*Exercise goal*: Two lines below mark the span: the one containing "A BATHING APE COLOR CAMO COLLEGE TEE" and the one containing "THE KING OF". Set down both, plus every line between, exactly as they stand, and nothing else.

*Extracted information*:

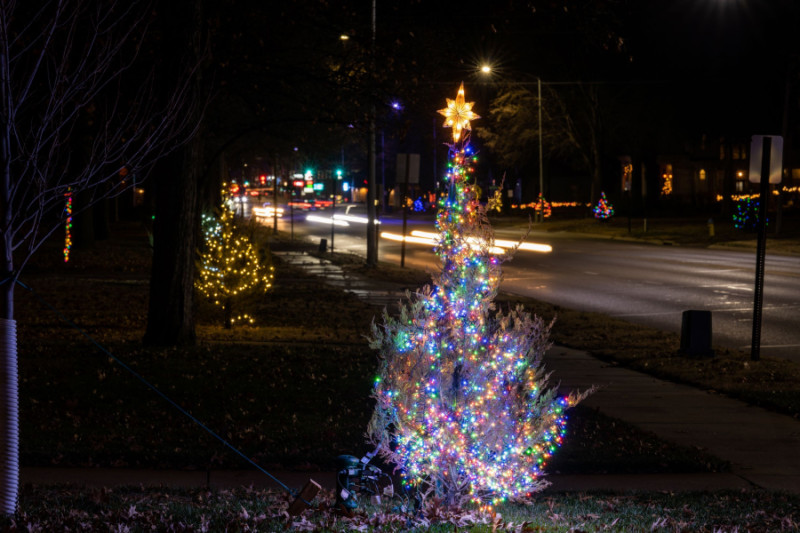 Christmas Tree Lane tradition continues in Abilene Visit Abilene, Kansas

==

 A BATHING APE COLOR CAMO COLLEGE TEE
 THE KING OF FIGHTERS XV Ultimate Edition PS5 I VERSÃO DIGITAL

*Expected answer*:
 A BATHING APE COLOR CAMO COLLEGE TEE
 THE KING OF FIGHTERS XV Ultimate Edition PS5 I VERSÃO DIGITAL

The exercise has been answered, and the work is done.